The Biggest Problem in a Relationship & How to Avoid It
By: Deb Maes
April 22, 2020
The biggest problem in any relationship is taking the other person’s pain and frustration personally. Always keep in mind, THEIR emotions are about THEM, not you.
You’ve had someone scream at you exactly the thing they do? My Grandma used to say, “That’s the pot calling the kettle ‘black.’” This is what we do as humans. We accuse others of what we really are. We don’t think it is about them. In our minds they are the problem.
Why do we do this? It’s because none of us are perfect and our mind pushes us towards further development all the time. It does this by pointing out to us where we can make adjustments.
Ever had something on your face and someone let you know? They say, ‘Hey, you have something there,’ and point to it, don’t they? You attempt to clean it, but it’s not so easy without a mirror, because you can’t see your own face, can you?
Guess what our minds do to get our attention to adjust something? It agitates and disturbs us. That’s because we are wired to move away from pain.
Then how does our mind point to where and what we need to improve?
There’s the problem. How can my mind show me ‘ME’? I am the only person on the planet I can’t see. I can see my family, colleagues, and friends, but not me. Through my eyes, I can only see me from the chest down (more or less) and I can’t take my eyes out and look at myself.
So my mind makes me notice out in the world the thing it wants me to pay attention to in myself. The biopsychology of how the reticular formation does this for us is really fascinating, but I won’t go into that here. Just test it for yourself for a few days. Each time you feel agitated with someone, be as if it’s about you in some way and ask yourself, ‘how is this true of me’, and see what happens.
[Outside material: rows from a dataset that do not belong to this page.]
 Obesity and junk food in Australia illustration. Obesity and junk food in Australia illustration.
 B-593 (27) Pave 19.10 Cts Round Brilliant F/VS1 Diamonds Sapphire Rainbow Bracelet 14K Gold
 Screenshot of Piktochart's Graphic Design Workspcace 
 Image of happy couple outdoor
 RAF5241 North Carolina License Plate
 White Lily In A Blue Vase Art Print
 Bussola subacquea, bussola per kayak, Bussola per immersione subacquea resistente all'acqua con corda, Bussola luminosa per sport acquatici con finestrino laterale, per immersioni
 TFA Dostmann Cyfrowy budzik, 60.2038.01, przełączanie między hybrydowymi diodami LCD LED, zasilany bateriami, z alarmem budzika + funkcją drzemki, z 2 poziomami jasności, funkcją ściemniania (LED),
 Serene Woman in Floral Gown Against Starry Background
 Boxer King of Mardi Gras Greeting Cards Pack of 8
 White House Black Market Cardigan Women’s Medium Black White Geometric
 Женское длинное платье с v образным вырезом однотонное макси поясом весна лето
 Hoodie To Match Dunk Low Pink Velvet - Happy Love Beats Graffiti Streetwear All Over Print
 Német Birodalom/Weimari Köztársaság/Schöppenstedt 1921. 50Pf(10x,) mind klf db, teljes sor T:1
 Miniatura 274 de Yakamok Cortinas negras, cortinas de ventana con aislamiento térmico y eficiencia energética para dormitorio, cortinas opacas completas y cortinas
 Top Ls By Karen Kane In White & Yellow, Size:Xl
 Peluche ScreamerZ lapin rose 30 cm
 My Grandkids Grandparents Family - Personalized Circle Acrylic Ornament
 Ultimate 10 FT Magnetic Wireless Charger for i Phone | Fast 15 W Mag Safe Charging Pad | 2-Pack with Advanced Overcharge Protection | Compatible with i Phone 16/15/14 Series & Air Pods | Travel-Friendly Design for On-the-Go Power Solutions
How does this help in relationships? When I see someone is upset with me, especially if I think it is unjustified, I can pay careful attention to what it is they are seeing in me, and know that their mind wants them to see that. And rather than criticise them, I can help. I don’t have to add to their internal struggle by arguing that I DO listen and it is THEM that has a problem. I can just support them in doing their inner work.
Yep, even if they are cranky with me, I can still be a useful partner/wife/mother/friend, by not taking it to heart (you know that expression, don’t you), but by being their mirror and reflecting it back to them.
Now, when I say, ‘reflect it like a mirror’, I’m not talking about saying, “That’s about you, not me. Can’t you see that”? You can imagine the outcome that will get you, can’t you?
Instead I’m suggesting, if someone said, “You never listen”, I could say, “You’re right. It’s important that we really listen, isn’t it. How would you like me to do that better”? This lets them hear what their mind is trying to say… ‘it is important to listen ‘.
Now MY CONFESSION: I DON’T do that all the time, but when I do, I feel really good for me inside, even if they don’t know I have done that for them.